Sometimes, there are just people who's basic chemistry clashes, and they're never going to like each other. Which is also a possible explanation for the Gene/Don animosity.
But on the issue of Don's childhood and how it has affected his ability to be "fathered" as well as be a father, you know there have been studies done where kittens have had one eye sewn shut for a long period of time, and when the sutures are removed, the cat is blind in that eye because the brain neurons (?) weren't able to fuse together properly. Once that chance is lost it is lost forever. That applies to relationships as well. Babies left in cribs in overcrowded orphanages, when later adopted simply cannot form proper bonds with nurturing parents, no matter how much love and affection they are shown. People can adjust and recover to a point, but they're not always able to live up to their potential sans childhood neglect or abuse.
I still wonder whether Don is even capable of truly feeling anything?
I can see any number of reasons why Gene would hate Don.

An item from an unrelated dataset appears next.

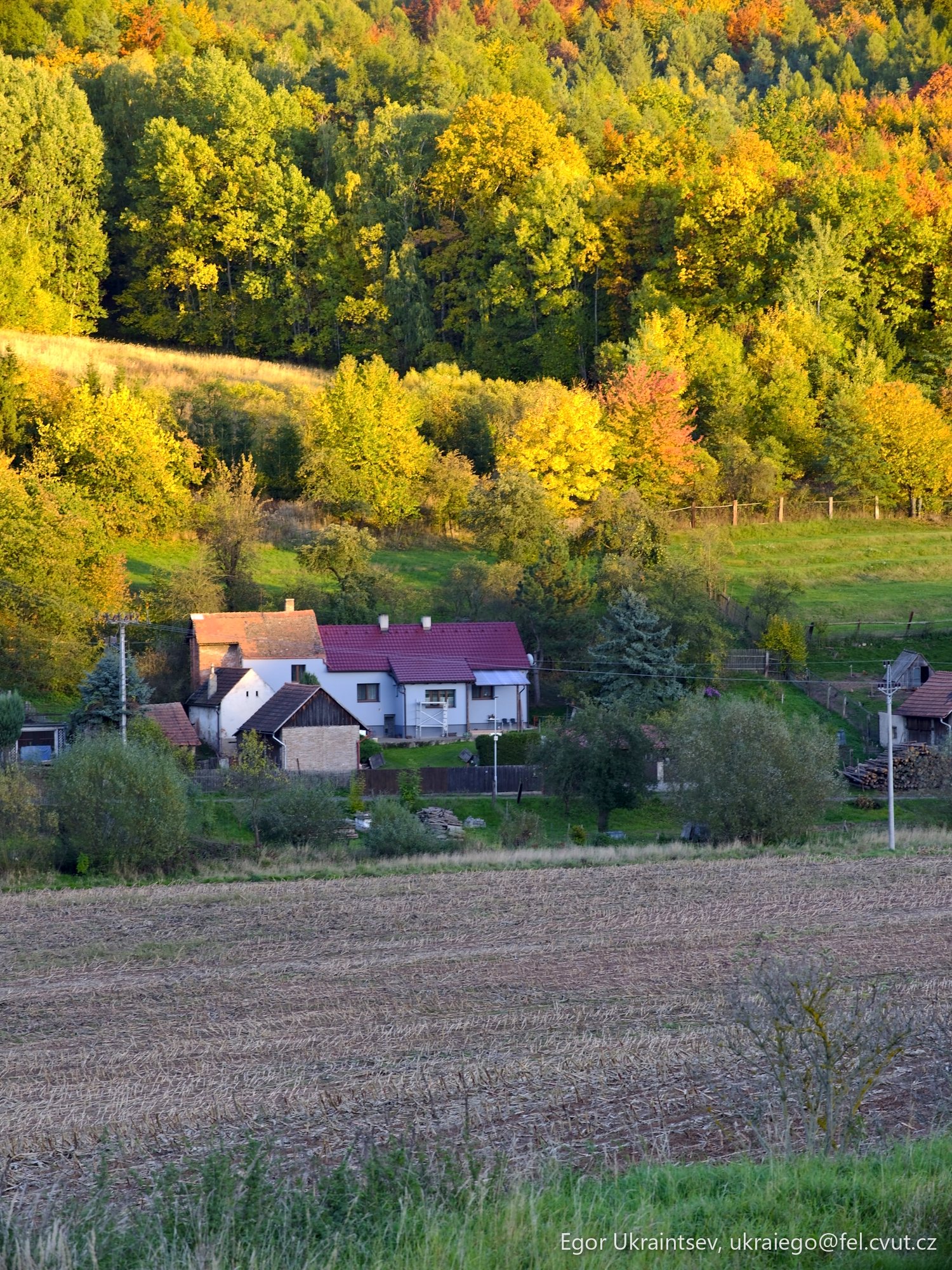 Farm in the fall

Why does Don hate Gene? Probably because he sees through him. Gene never drank the Koolaid re: Don, never bought into the image. Don feels exposed, and we know how much he hates that. I mean, yeah, he has Daddy issues, but don't think it played into his relationship with Gene all that much, myself.

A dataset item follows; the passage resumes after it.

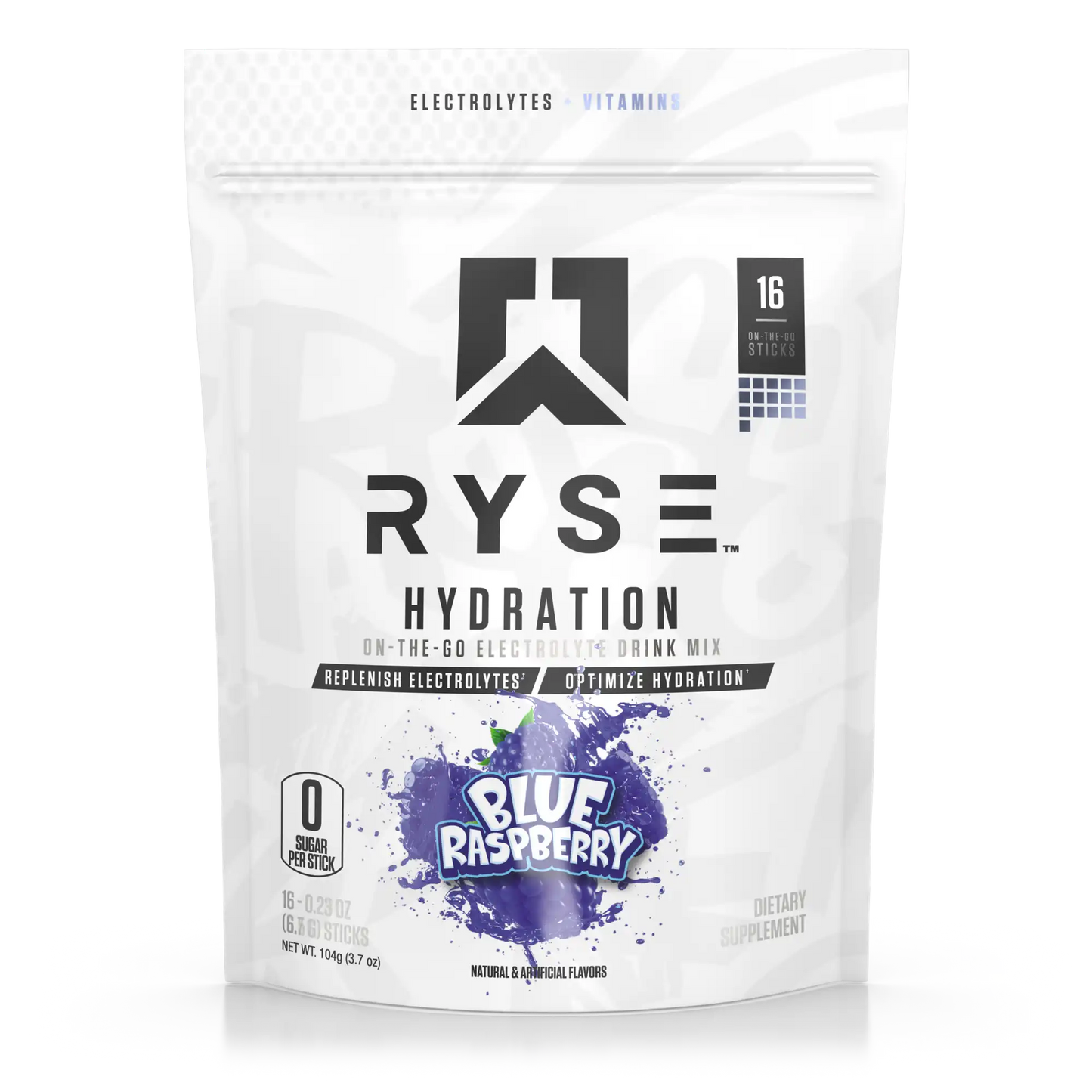 RYSE HYDRATION STICKS 16pk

I think, as Helen Bishop says above, that Anna Draper is Don's only friend. The thing that struck me about the interaction between Don and Joan in the hospital waiting room is the genuineness in their regard of/for each other. It was, however briefly, a person-to-person rather than a role-to-role moment or affection and respect.
Maybe that's how Joan stays in the show–as Don't friend and confident? Probably not.
Don did not want to join the country club because they would vet him, and possibly dig up things he had not told Betty.It is why Tony Soprano never had an EZ Pass.
his father-in-law calls him a "joker". It's a card that can be anything you want it to be…
I think Betty realises, perhaps at some instinctive level, what annoys Don so much about the naming of his child. Her retort of ‘It’s what people do’ echoes Gene’s extremely perceptive criticism about Don that ‘he has no people’.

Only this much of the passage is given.